Some market watchers believe Apple should have priced the iPhone 5c more aggressively, in an attempt to take market share away from low-end smartphones running Google's Android platform. But doing so would have been too risky of a move, Um believes.
If Apple had taken lower margins and hoped for unit volumes to offset, there would have been "no guarantee of price elasticity driving volumes," he said. In addition, a cheaper iPhone 5c may have resulted in even greater margin pressures as Apple transitioned to its next models in 2014.
"We believe the certainty was the right choice and would not necessarily discount demand yet," Um said.
The analyst's comments came in response to reports this week from both The Wall Street Journal and Reuters, which cited anonymous sources as indicating that Apple was cutting orders for the iPhone 5c. The Journal initially speculated that changes in the supply chain could signal "weaker-than-expected consumer demand," but later clarified to say that any apparent reductions "may not be all bad."
Apple Chief Executive Tim Cook himself warned analysts earlier this year that reading too much into supply chain data can be a critical mistake.
Maynard Um of Wells Fargo Securities isn't concerned about supply chain data, and he believes iPhone 5c sales could pick up heading into the holiday season.
"The supply chain is very complex, and we obviously have multiple sources for things," Cook said. "Even if a particular data point were factual, it would be impossible to interpret that data point as to what it meant for our business."
To that end, Um said in his note to investors on Thursday that supply chain data has been "hit or miss," suggesting he's not concerned by the latest reports.

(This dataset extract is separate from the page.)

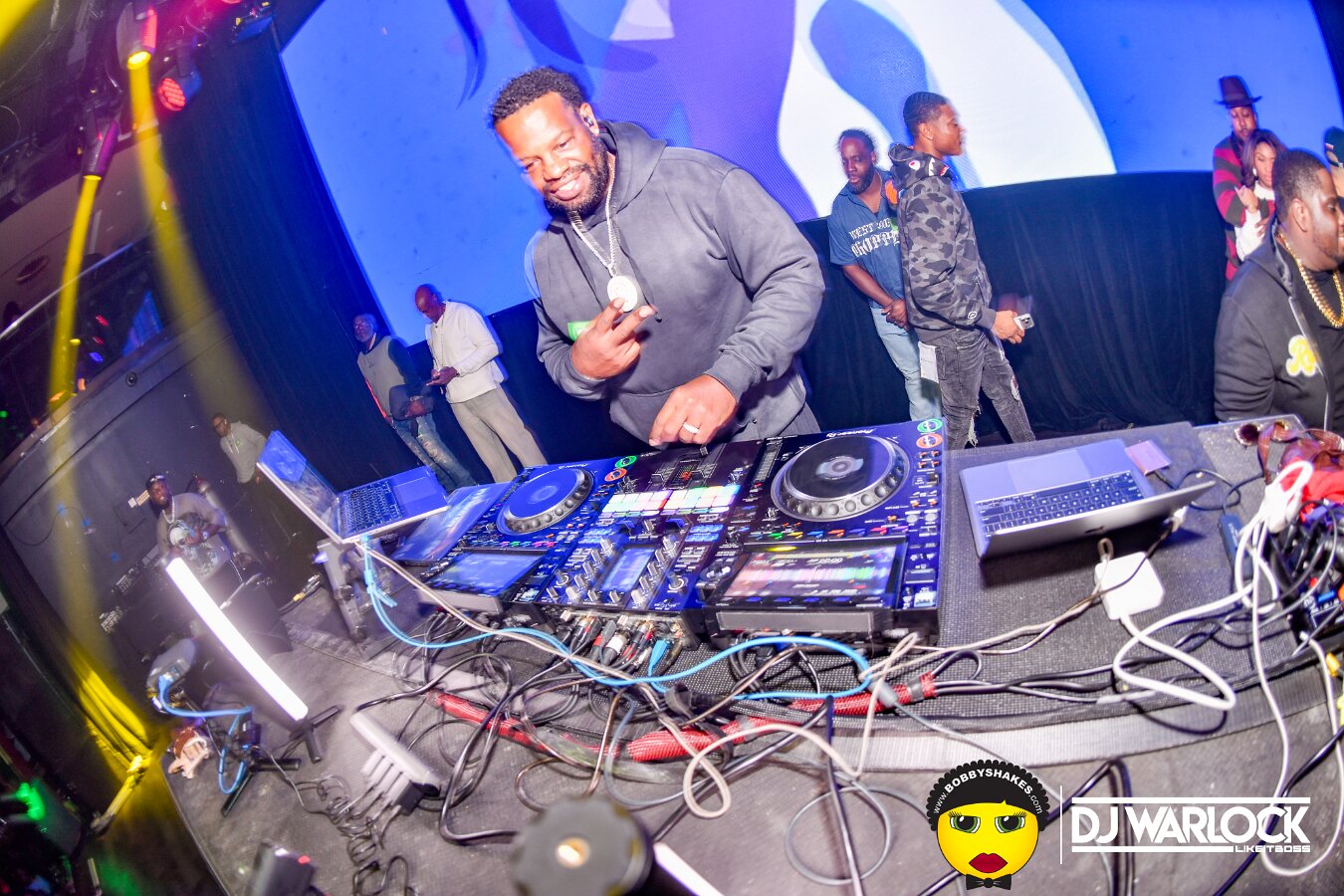 DJ Focus, DJ Warlock, DJ Dutch & Brandan Duke performing live at Big Night Live in Boston, MA, photographed by Bobby Shakes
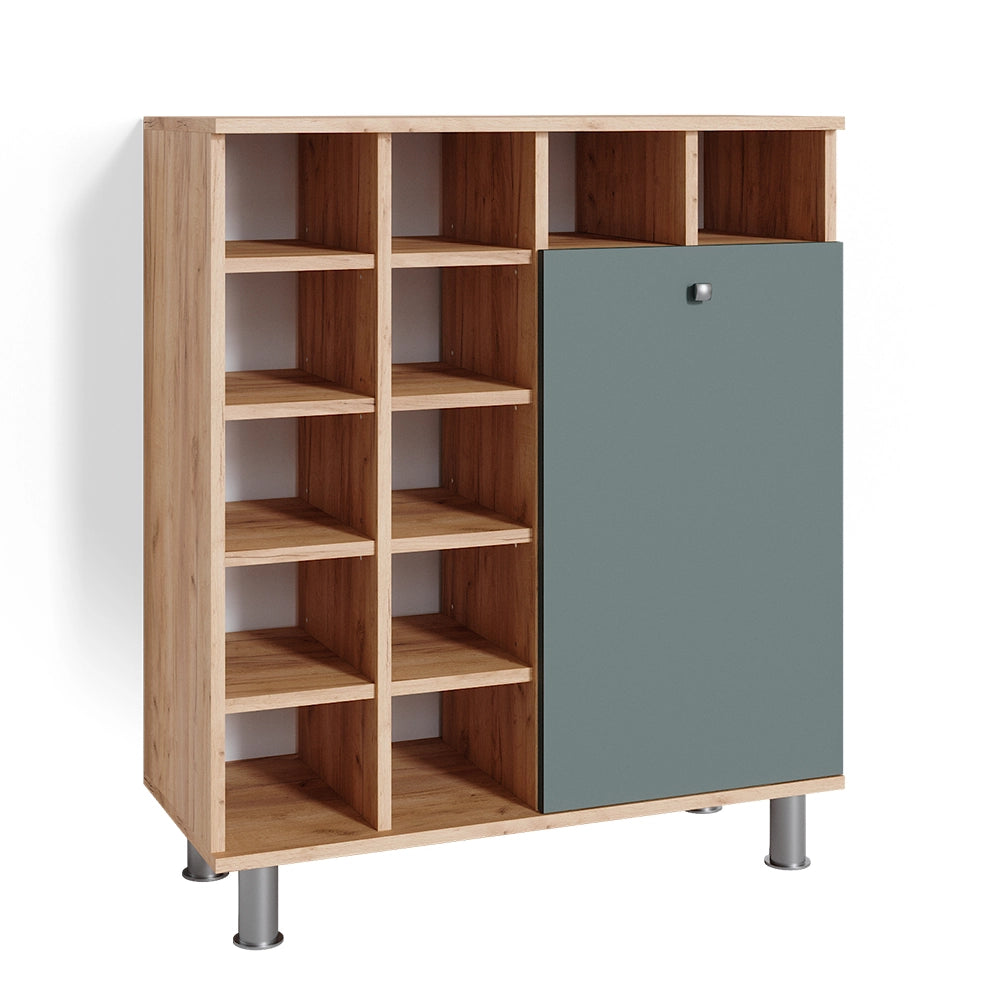 Armadietto da bagno con portabiancheria Fynn Verde 78.4 x 91.6 cm Vicco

"Regardless, we believe it would be more prudent for Apple to manage the channel (despite potential holiday demand) as the risk of excess inventory is much higher than ramping unit orders later," he said.
As for a series of discounts offered by retailers for the iPhone 5c, Um noted that this is a typical strategy for third-party resellers. He doesn't see discounts on the newly released model as concrete evidence of soft demand for the iPhone 5c.
"As has been the case in the industry for years, third-party resellers derive profits from carrier 'finder's fees,' which can amount to $250 depending on a number of factors, including whether it's a new contract or an upgrade," he said. "Thus, a price 'drop' is not necessarily a reflection of materially weak demand, but, rather, a business model strategy to drive volumes."
Wells Fargo Securities has maintained its "outperform" rating for AAPL stock with a share valuation range of between $525 and $575.